I explored some of those outliers and there is a package that was submitted in 2021 and two years later it was submitted with the same version. In other cases the submission was done with more than 1 hour of tolerance (see the “new_version” variable creation in the second code chunk.)

This means that the path to CRAN might be long and that developers do not change the version number on each submission.

Note: This section is new after detecting problems with the way it was initially published.

In the following function I calculate the number of submissions and similar information for each package:

count_submissions <- function(x) {
  x |> 
    mutate(submission_in_period = seq_len(n()),
           date.mix = pmin(date.cran, date.subm, na.rm = TRUE),
           .by = package, .after = acceptance_n) |> 
    summarise(
      # Number of accepted packages on CRAN
      total_accepted = sum(!is.na(date.cran), 0, na.rm = TRUE),
      # At minimum 0 through {cransays}
      through_cransays = sum(!is.na(date.subm), 0, na.rm = TRUE), 
      # In case same version number is submitted at different timepoints
      resubmissions = ifelse(any(!is.na(resubmission_n)), 
                              max(resubmission_n, na.rm = TRUE) - min(resubmission_n, na.rm = TRUE) - through_cransays, 0),
      resubmissions = if_else(resubmissions < 0L, 0L, resubmissions),
      # All submission + those that were duplicated on the submission system
      total_submissions = max(submission_in_period, na.rm = TRUE) + resubmissions,
      # The submissions that were not successful
      total_attempts = total_submissions - total_accepted,
      percentage_failed_submissions = lp(total_attempts/total_accepted), 
      .by = package)
}

I created a function to apply the same logic in whatever group I want to analyse.

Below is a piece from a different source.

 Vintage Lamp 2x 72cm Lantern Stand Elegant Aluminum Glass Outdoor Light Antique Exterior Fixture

Note: Another relevant edit was that the selection criteria changed as I missed some packages in some analysis and included other that shouldn’t be. Now we are ready to apply to those that got the first version of the package on CRAN:

first_submissions <- accepted_subm |> 
  group_by(package) |> 
  # Keep submission that where eventually accepted
  filter(length(acceptance_n != 0L) > 1L && any(acceptance_n[acceptance_n != 0L] == 1)) |> 
  # Keep submissions until the first acceptance but not after
  filter(cumsum(acceptance_n) <= 1L & seq_len(n()) <= which(acceptance_n == 1L)) |> 
  ungroup()
ffs <- first_submissions |>   
  count_submissions() |> 
  count(total_attempts, sort = TRUE,  name = "packages") |> 
  mutate(percentage = lp(packages/sum(packages, na.rm = TRUE)))
ffs
total_attempts packages percentage
0 3390 65.0%
1 1141 21.9%
2 425 8.2%
3 138 2.6%
4 72 1.4%
5 23 0.4%
6 12 0.2%
7 4 0.1%
8 3 0.1%
9 2 0.0%
12 1 0.0%
16 1 0.0%

This means that close to 35.0% first time submissions are rejected. Including those that are not yet (never?) included on CRAN (~1000).

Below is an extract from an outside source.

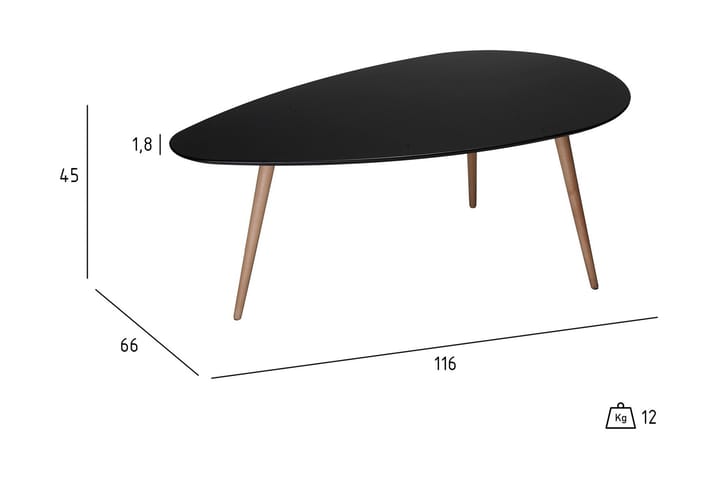 Sohvapöytä Maiara 116 cm Soikea - Musta/Puu - Sohvapöytä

This points out a problem:

  • the developers need to resubmit their packages and fix it more.
  • the reviewers need to spend more time (approximately 50% of submissions are at one point or another handled by a human).

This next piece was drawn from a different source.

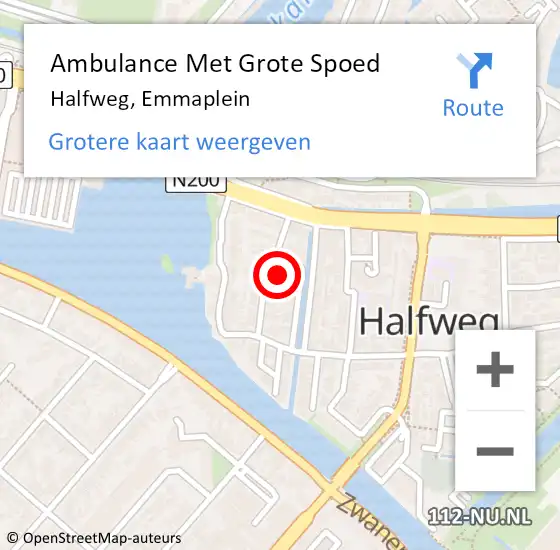 Locatie op kaart van de 112 melding: Ambulance Met Grote Spoed Naar Halfweg, Emmaplein op 27 februari 2022 16:43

After this exercise we might wonder whether this is just for new packages?
If we look up those submissions that are not the first version of a package, we find the following:

submissions_with_accepted <- accepted_subm |> 
  # Filter those that were included on CRAN (not all submission rejected)
  filter(any(acceptance_n >= 1), .by = package) |> 
  mutate(date.mix = pmin(date.cran, date.subm, na.rm = TRUE)) |> 
  group_by(package) |> 
  arrange(date.mix) |> 
  filter(
    # Those that start by 0 but next acceptance is 1 or higher
     cumsum(acceptance_n) >= 1L | 
       min(acceptance_n[acceptance_n != 0L], na.rm = TRUE) >= 2) |> 
  ungroup() 
fs_exp <- count_submissions(submissions_with_accepted)
fs_exp |> 
  count(more_failed = total_accepted > total_attempts, 
            sort = TRUE, name = "packages") |> 
  mutate(percentage = lp(packages/sum(packages)))
more_failed packages percentage
TRUE 15337 96.2%
FALSE 600 3.8%

Still the majority of packages have more attempts than versions released in the period analysed. Failing the checks on CRAN is normal, but how many more attempts are to CRAN?

library("ggrepel")
ggplot(fs_exp) +
  geom_abline(slope = 1, intercept = 0, linetype = 2) +
  geom_count(aes(total_accepted, total_attempts)) +
  geom_label_repel(aes(total_accepted, total_attempts, label = package), data = . %>% filter(total_attempts >= 10)) +
  labs(x = "CRAN versions", y = "Rejected submissions",  size = "Packages",
       title = "Packages after the first version", subtitle = "for the period analyzed") +
  scale_size(trans = "log10") +
  theme_minimal() +
  theme(legend.position = c(0.8, 0.7), legend.background = element_rect())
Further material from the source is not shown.